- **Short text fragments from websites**
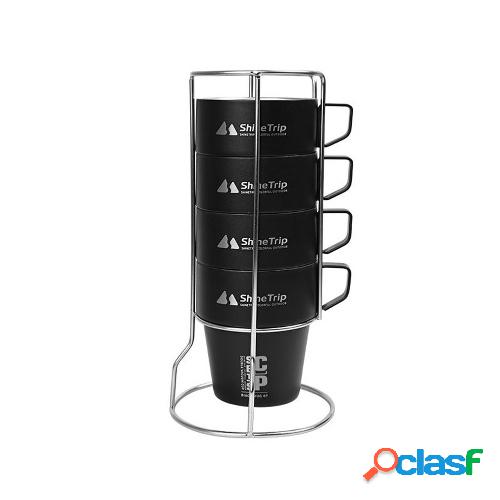Tazas que acampan al aire libre del acero inoxidable 4PCS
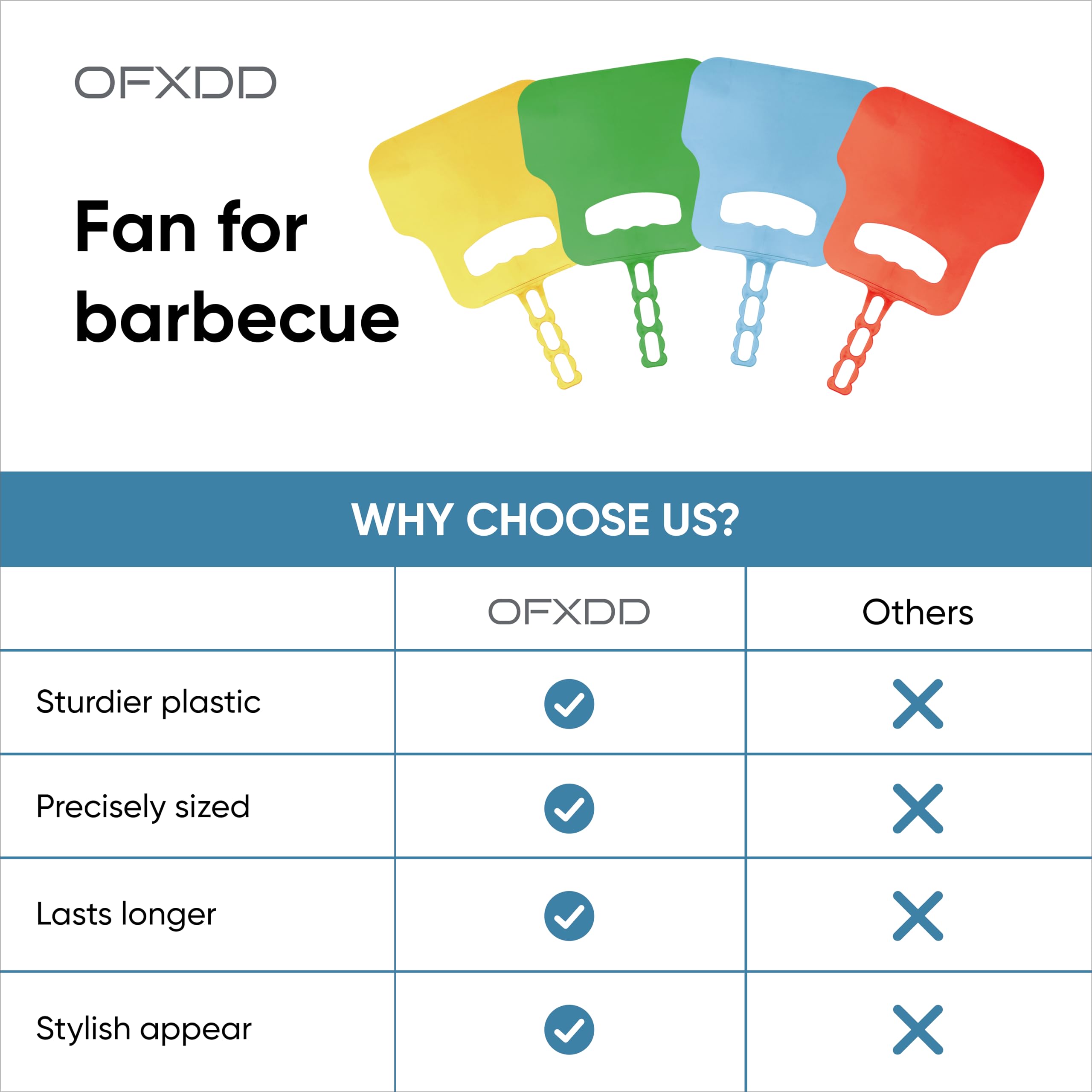 OFXDD Plastic Hand BBQ Grill Barbecue Fire Starter with Hang - Pack of 6 - Strong Fan for Charcoal Barbeque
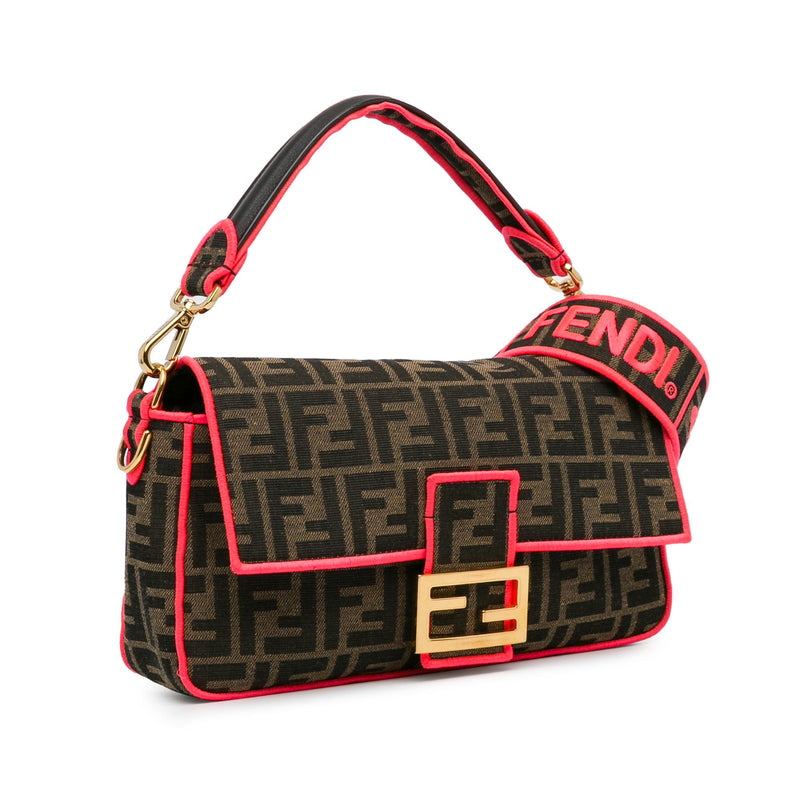 Fendi Medium Zucca Fluo Trim Baguette Satchel (SHG-Ufu9VZ)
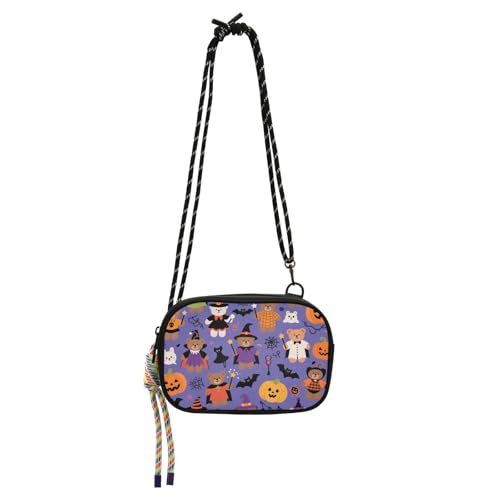 KLL Süßer brauner Bär-Kürbis für Halloween, Anti-Diebstahl-Umhängetasche, Damen, Schönheit, mit Kreditkartenfächern, Kuriertasche, Crossbody-Tasche, für Spaziergänge von KLL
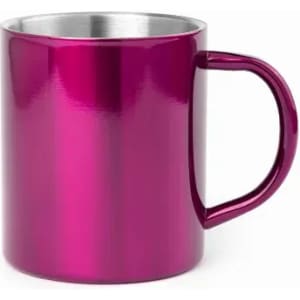 A drink bottle in a glossy magenta finish with a stainless steel interior and a sturdy handle.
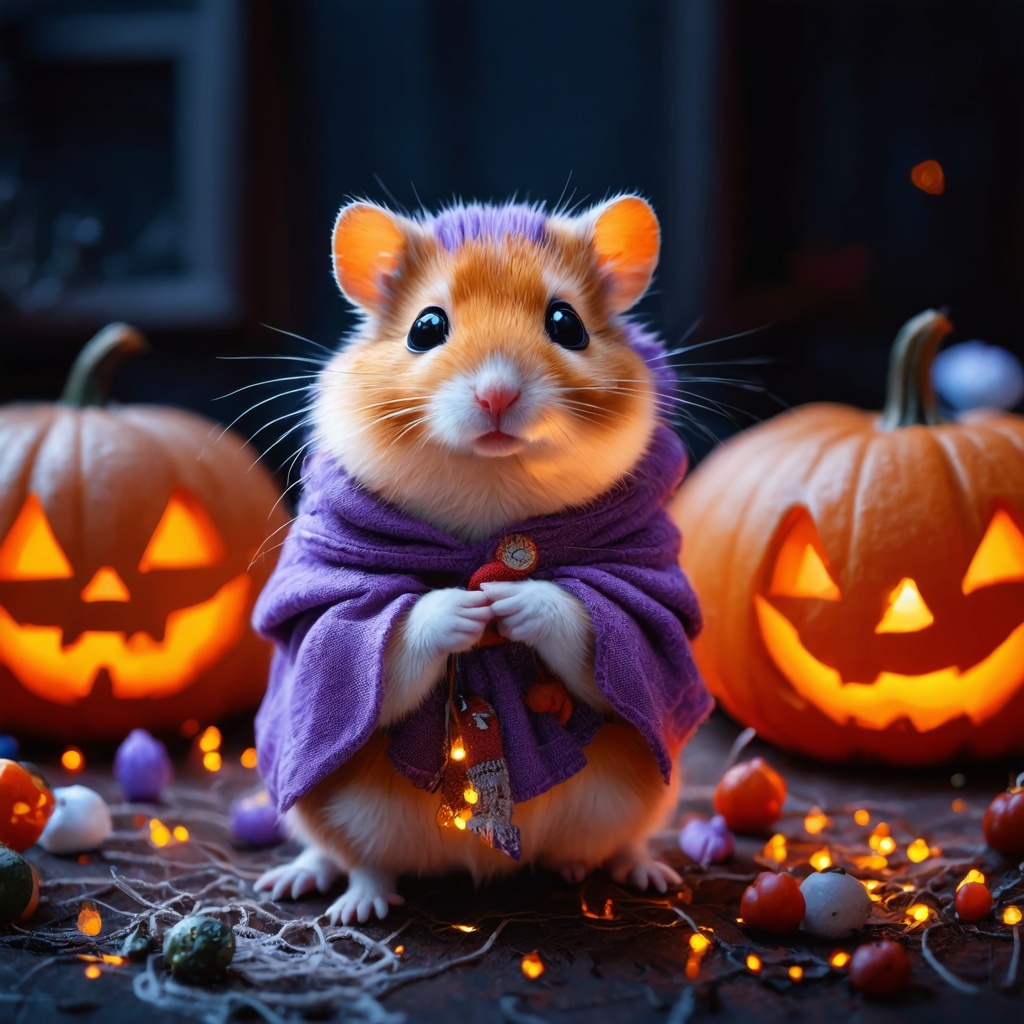 Scene of a cute hamster dressed in a poncho enjoying Halloween decorations,  BREAK,  (adorable hamster on Tensor.Art
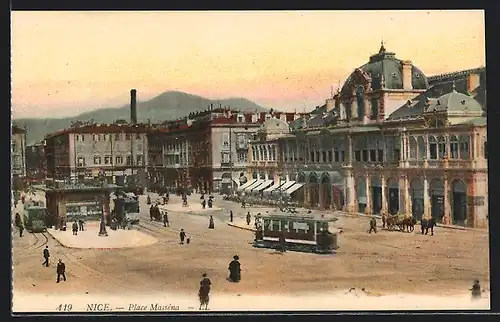 AK Nice, Place Massèna, Strassenbahn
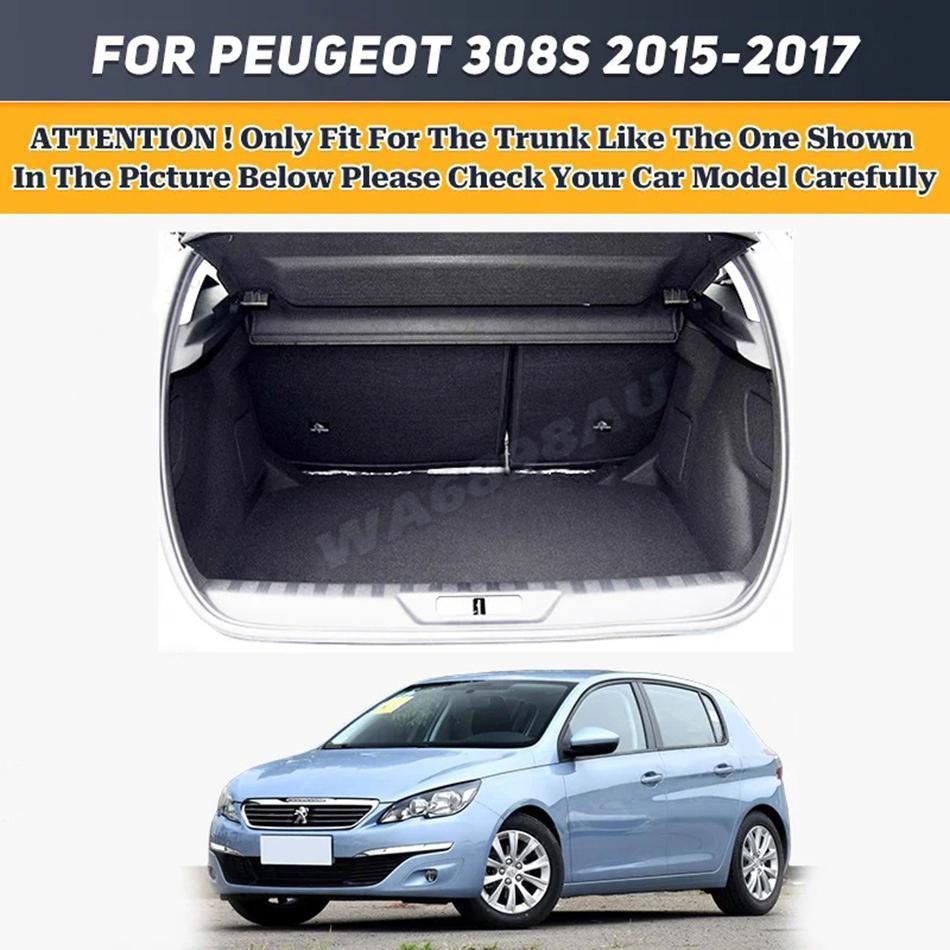 High quality Leather Car Trunk Mat For PEUGEOT 308S 2015 2016 2017 Anti Dirty Durable Carpet Protective pad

- **GOAL OF THE EXERCISE**
Begin at the line containing "A drink bottle" and extract every line through the end of the records, inclusive, exactly and only; omit pictures.

- **TASK RESULT**
 A drink bottle in a glossy magenta finish with a stainless steel interior and a sturdy handle.
 Scene of a cute hamster dressed in a poncho enjoying Halloween decorations,  BREAK,  (adorable hamster on Tensor.Art
 AK Nice, Place Massèna, Strassenbahn
 High quality Leather Car Trunk Mat For PEUGEOT 308S 2015 2016 2017 Anti Dirty Durable Carpet Protective pad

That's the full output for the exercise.